A l'heure où toute la classe politique, ou presque, se convertit à l'écologie, il n'est pas inutile de quantifier un peu les défis. C'est ce qu'a fait Nicholas Stern, dans une publication intitulée A blueprint for a safer planet qui reprend pour un public élargi les analyses et les conclusions de son rapport au gouvernement britannique sur le changement climatique, rapport qui fait autorité aux côtés des travaux du GIEC (groupe d'experts intergouvernemental sur le climat), prix nobel de la paix 2007.
Nicholas Stern a été économiste en chef à la Banque mondiale et est également l'auteur d'un rapport sur l'Afrique à l'attention du G8 de Greenagles en 2005. Il considère à juste titre que l'humanité est confrontée à deux défis majeurs : la lutte contre la pauvreté et le changement climatique et qu'apporter une solution à l'un c'est aussi apporter une solution à l'autre.
Que disent les chiffres? La concentration des gaz à effet de serre se mesure en ppm (parties par millions). Actuellement, la concentration de CO2e, c'est à dire le CO2 et les autres gaz à effet de serre équivalents est évaluée à 430 ppm, soit 430 molécules de CO2e pour un million de molécules d'air. En 1850, cette concentration était de 285 ppm environ.
Aujourd'hui, le consensus est que sans changer nos comportements nous serons autour de 750 ppm en 2100. A ce niveau, la probalité d'une élévation de la température moyenne du globe de 2 degrés serait de 100%, de 4 degrés de 82 % de 5 degrés de 47 %, de 6 degrés de 22%.

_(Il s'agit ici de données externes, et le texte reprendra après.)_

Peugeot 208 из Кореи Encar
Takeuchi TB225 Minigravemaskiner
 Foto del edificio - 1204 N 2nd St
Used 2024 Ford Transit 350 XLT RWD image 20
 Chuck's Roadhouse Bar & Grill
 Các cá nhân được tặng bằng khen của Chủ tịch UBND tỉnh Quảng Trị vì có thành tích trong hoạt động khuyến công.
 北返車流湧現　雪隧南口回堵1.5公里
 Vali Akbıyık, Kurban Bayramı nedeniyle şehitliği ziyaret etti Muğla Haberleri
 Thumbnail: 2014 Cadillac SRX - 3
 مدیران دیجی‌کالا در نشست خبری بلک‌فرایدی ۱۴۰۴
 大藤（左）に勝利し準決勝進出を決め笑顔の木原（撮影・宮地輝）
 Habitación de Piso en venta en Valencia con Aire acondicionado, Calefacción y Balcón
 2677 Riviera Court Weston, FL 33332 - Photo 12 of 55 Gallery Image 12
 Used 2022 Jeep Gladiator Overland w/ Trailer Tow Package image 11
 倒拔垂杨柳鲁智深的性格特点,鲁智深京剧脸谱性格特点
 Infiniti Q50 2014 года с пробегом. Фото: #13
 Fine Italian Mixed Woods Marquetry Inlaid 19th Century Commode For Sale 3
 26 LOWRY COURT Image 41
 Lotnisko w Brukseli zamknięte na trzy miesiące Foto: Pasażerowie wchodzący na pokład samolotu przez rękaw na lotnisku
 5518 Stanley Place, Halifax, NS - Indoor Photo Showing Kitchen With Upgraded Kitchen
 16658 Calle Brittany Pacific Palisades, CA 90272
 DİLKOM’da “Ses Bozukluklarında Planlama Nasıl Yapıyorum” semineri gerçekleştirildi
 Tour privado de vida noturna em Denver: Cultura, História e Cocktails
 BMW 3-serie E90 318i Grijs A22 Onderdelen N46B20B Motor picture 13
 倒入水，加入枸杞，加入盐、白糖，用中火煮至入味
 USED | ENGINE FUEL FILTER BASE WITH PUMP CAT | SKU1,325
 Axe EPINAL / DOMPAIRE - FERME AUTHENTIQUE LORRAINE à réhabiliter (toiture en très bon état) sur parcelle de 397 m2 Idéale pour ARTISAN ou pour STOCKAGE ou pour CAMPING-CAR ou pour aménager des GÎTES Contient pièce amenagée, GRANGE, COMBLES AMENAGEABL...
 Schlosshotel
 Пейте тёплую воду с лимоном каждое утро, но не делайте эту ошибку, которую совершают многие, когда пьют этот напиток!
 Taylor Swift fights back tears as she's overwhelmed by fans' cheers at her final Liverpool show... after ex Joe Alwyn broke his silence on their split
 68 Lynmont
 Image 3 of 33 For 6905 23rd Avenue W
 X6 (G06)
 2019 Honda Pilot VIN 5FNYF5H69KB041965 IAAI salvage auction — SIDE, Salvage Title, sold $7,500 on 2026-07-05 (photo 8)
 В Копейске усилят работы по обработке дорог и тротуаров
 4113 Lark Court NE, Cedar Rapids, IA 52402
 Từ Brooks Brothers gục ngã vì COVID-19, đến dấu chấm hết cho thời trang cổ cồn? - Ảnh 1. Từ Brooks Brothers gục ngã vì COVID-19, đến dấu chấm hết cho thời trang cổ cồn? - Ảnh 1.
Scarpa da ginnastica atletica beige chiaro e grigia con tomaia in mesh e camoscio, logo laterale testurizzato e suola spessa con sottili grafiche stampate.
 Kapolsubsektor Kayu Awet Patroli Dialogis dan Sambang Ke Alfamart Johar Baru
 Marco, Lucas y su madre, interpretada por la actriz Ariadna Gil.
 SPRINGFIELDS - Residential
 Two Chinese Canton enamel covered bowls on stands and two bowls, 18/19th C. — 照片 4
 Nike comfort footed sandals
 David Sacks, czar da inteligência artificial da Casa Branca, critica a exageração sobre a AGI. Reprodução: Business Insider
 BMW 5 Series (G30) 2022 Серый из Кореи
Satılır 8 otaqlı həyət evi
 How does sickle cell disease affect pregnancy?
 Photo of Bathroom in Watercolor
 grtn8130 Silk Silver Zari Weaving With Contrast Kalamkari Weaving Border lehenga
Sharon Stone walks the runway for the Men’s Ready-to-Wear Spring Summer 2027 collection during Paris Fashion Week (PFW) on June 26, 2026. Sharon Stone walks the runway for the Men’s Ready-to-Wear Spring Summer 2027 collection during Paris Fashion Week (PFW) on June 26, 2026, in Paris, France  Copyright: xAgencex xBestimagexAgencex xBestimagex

Si, au contraire, on parvient à limiter durablement la concentraton de gaz à effet de serre à 500 ppm, la probabilité d'une élévation de la température de deux degrés est encore de 78 %, mais celle d'une hausse de 3 degrés tombe à 18 %.
Certes l'homme a déjà survécu à d'importants changements climatiques, mais à quels coûts? La grotte Cosquer, près de Marseille, habitée il y a 20000 ans, au moment de la dernière glaciation, et qui se situe à 140 mètres sous le niveau actuel de la mer, donne une idée de l'ampleur des conséquences que peuvent avoir les changements importants de température.
D'où l'enjeu de la prochaine conférence de Copenhagen fin décembre pour trouver une suite au protocole de Kyoto.
Nicholas Stern expose très bien les enjeux et les solutions en termes de réduction des émissions et d'adaptation au changement climatique. L'enjeu est de trouver un accord global entre les individus, les entreprises, les Etats, les pays développés, les pays émergents, les Etats-Unis, l'Union européenne, la Chine... où chacun trouve son compte afin de contribuer à sa mise en oeuvre. Dans ce domaine il n'y a pas de frontière, le climat est un bien public global et il faut trouver une réponse, un deal et un leadership global.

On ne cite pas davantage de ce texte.